PROBLEM REQUIREMENTS:
Copy out exactly, and only, the lines from the one containing "रुकुम पूर्वमा प्रचण्डको" through the end of the entries. No pictures.

EXERCISE DATA:
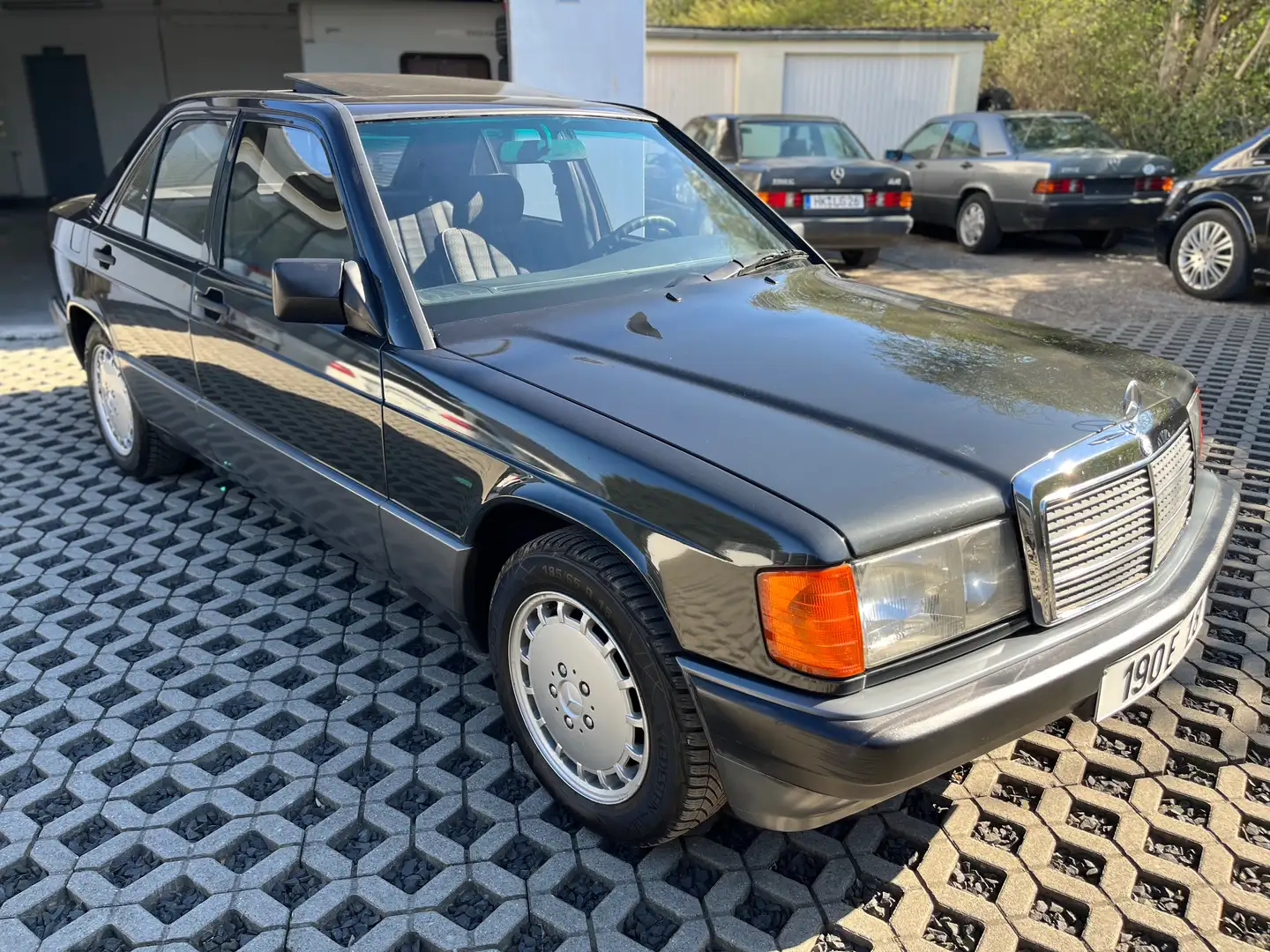 Mercedes-Benz 190 E 1.8 TOP 5-Gang Schwarz - 1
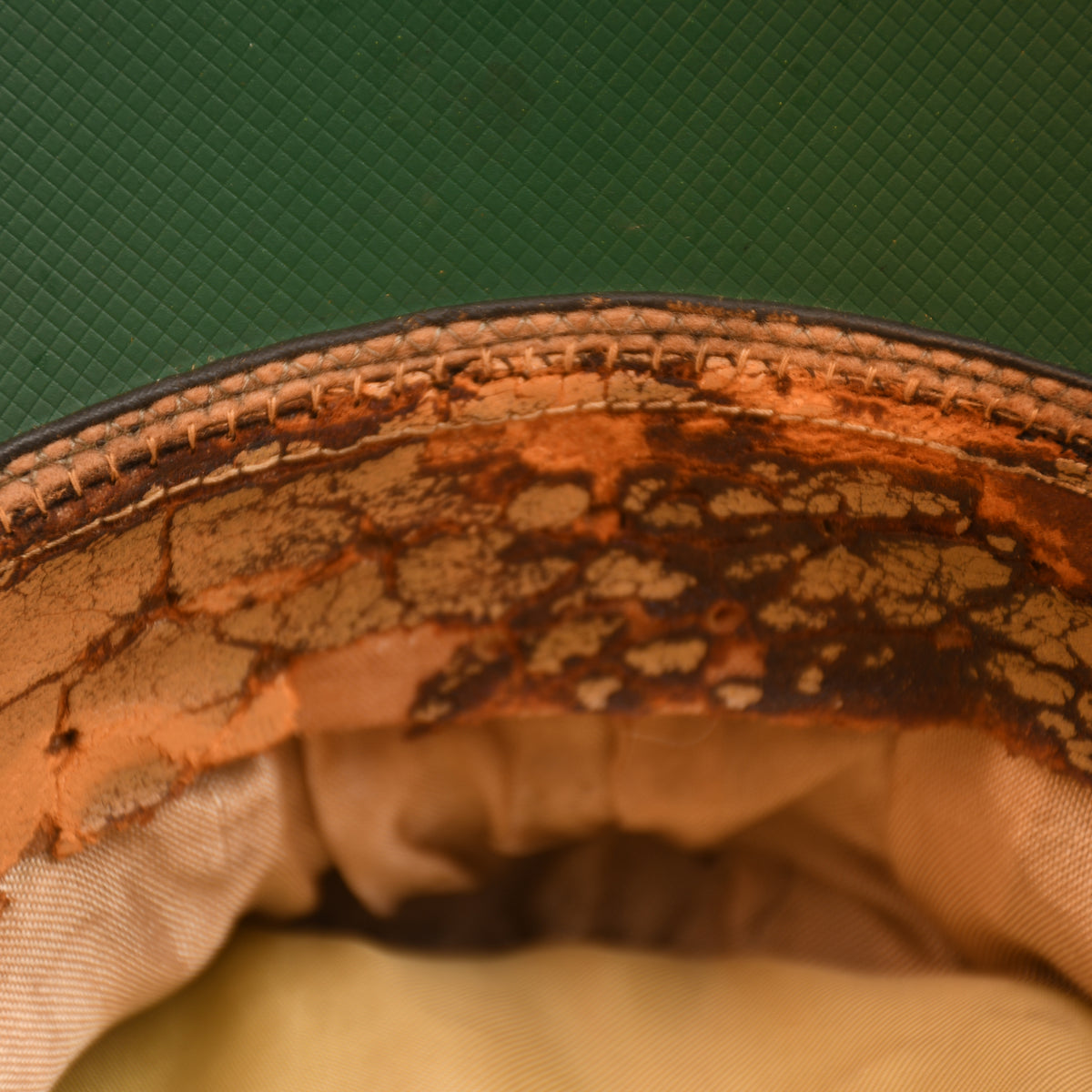 GERMAN WWII LUFTWAFFE OFFICERS VISOR CAP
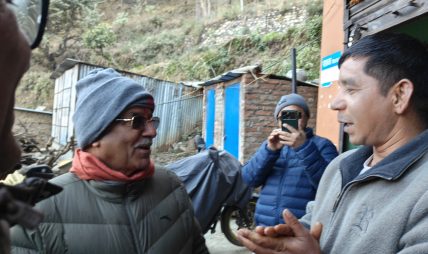 रुकुम पूर्वमा प्रचण्डको मोर्निङ वकसँगै घरदैलो अभियान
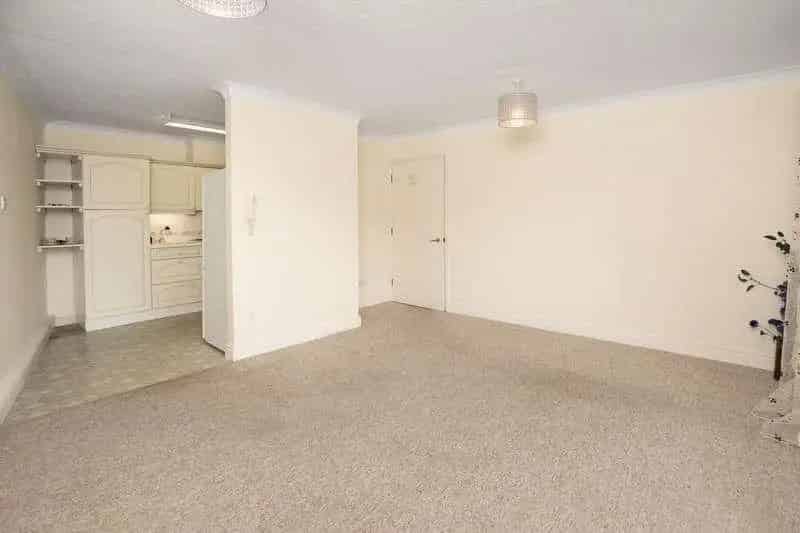 2 Bed Sea View Apartment Morgans Quay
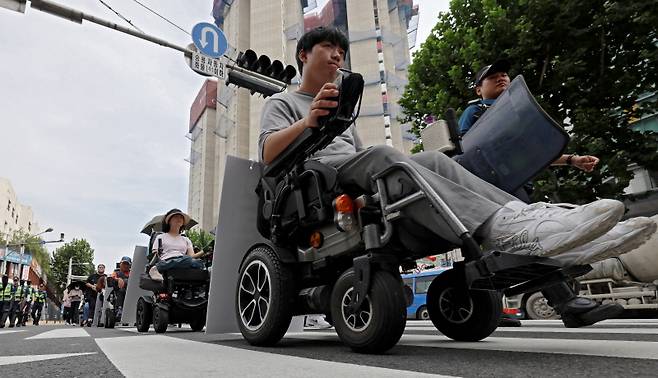 권영국 후보는 장애인의 이동권·노동권 등을 강화하겠다고 밝혔다.[사진｜뉴시스]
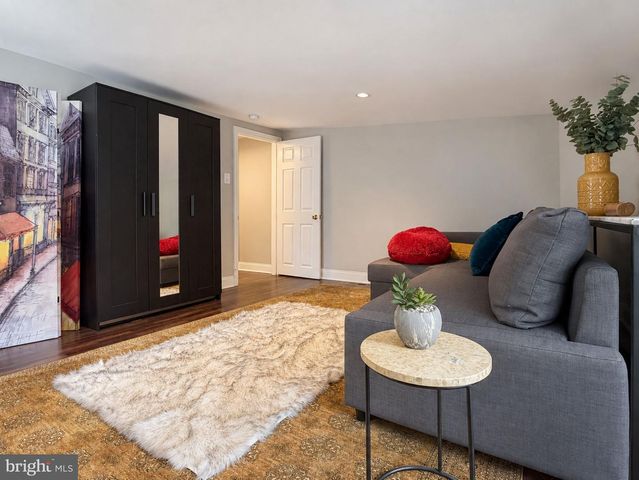 29 E MEEHAN AVE, Philadelphia, PA 19119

RESPONSE:
 रुकुम पूर्वमा प्रचण्डको मोर्निङ वकसँगै घरदैलो अभियान
 2 Bed Sea View Apartment Morgans Quay
 권영국 후보는 장애인의 이동권·노동권 등을 강화하겠다고 밝혔다.[사진｜뉴시스]
 29 E MEEHAN AVE, Philadelphia, PA 19119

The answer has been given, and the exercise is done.